Благодаря Годара
3 декабря 1930 года родился Жан-Люк Годар, режиссёр, совершивший революцию в мировом кинематографе.
Имя Годара окутано анекдотами, как ни одно другое имя в кинематографе. И это логично — ведь и фильмы его зачастую представляют собой не что иное, как связки анекдотов и виньеток, иногда даже не скреплённые единым сюжетом.
К примеру, работая над аллегорической научно-фантастической картиной "Альфавилль" в 1965 году, Годар решил снимать ночью на новую высокочувствительную плёнку и практически без искусственного освещения. Чтобы атмосфера безысходности будущего подчёркивалась бы этой полумглой. Оператору Раулю Кутару это не понравилось, и он предупредил, что если снимать без освещения, то на плёнке не будет видно ни зги, а желаемого эффекта можно спокойно достичь, если при освещении затемнить линзу диафрагмой. Годар отказался, сославшись на то, что Роберто Росселини и другие его менторы учили, что реализм превыше всего.
В результате было испорчено три тысячи метров плёнки, но даже после этого Годар оставался привержен своему методу и режиссёрскому (не)видению — до тех пор, пока реальность не вторглась в процесс съёмок в полный рост. Члены съёмочной группы устроили забастовку, когда поняли, что им платят зарплату за работу в ночное время по дневным меркам. Годару пришлось переносить съёмки на вечернее время и закрывать окна наглухо шторами, проклиная "саботажников". Кутар же видел в этом очередной пример постоянных жалоб Годара на то, что работа с другими людьми наносит непоправимый урон его творчеству. "Он хотел бы ртом зажёвывать плёнку, а из задницы чтобы она вылезала уже проявленная — и тогда бы ему вообще никто не нужен был", — говорил Кутар в то время.

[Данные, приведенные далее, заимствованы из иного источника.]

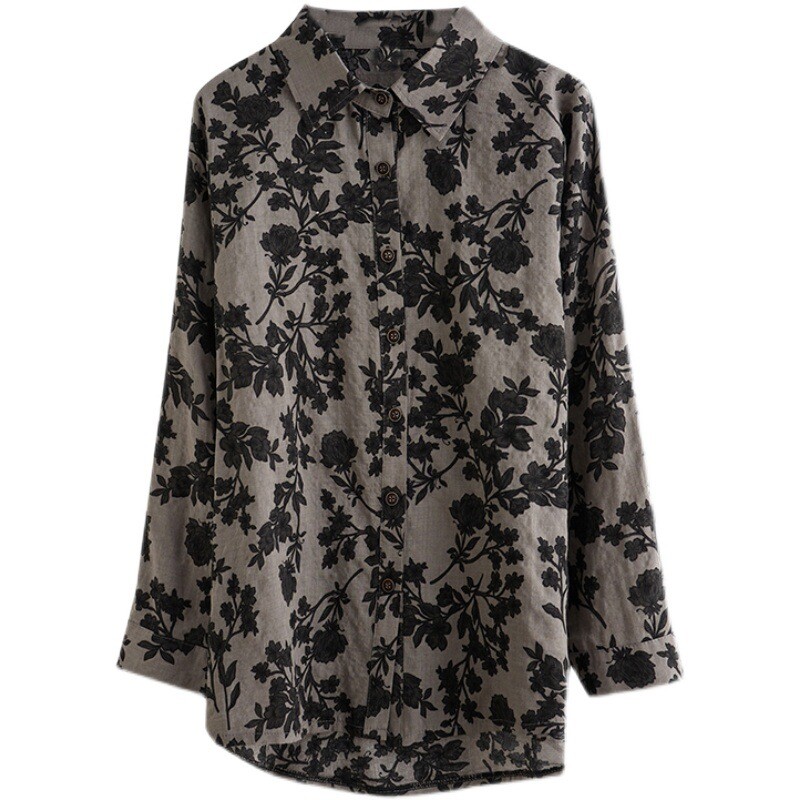 Women Button Down Blouse Top Floral Traditional Long Sleeve Shirt Asian Style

Ради того, чтобы запечатлеть свои личные переживания настолько полно, насколько это может позволить киноплёнка, Годар готов был стирать грань между художественным и документальным кино, применял рискованные техники и отстаивал свои решения, даже когда все вокруг убеждали его в неправоте. В итоге получалось так, что своими капризными требованиями и непонятными решениями он саботировал гораздо больше своих съёмок, чем это делали его подопечные — даже странно, как ему удалось сделать такую продолжительную карьеру в кино и снять более 90 фильмов в полном и коротком метре.
Вообще, писать биографию Жан-Люка Годара — одно из самых неблагодарных занятий из всех возможных. Начиная с 1958 года Годар снимал по фильму в год, в наиболее творческий период по два фильма в год и больше. Наверное, в том числе из-за этого критики называли его "первым режиссёром в истории кино, который не похож на человека". Впрочем, и режиссёра он напоминал весьма слабо. Годар, если уж на то пошло, не был похож ни на кого — как и любой эксцентричный художник-француз. И перед ним ни за что бы не возникла проблема творческих мук, подобная той, которая мучила героя феллиниевского "8 ½" — Годар, казалось, выуживал идеи для своих фильмов прямо из окружавшей его атмосферы.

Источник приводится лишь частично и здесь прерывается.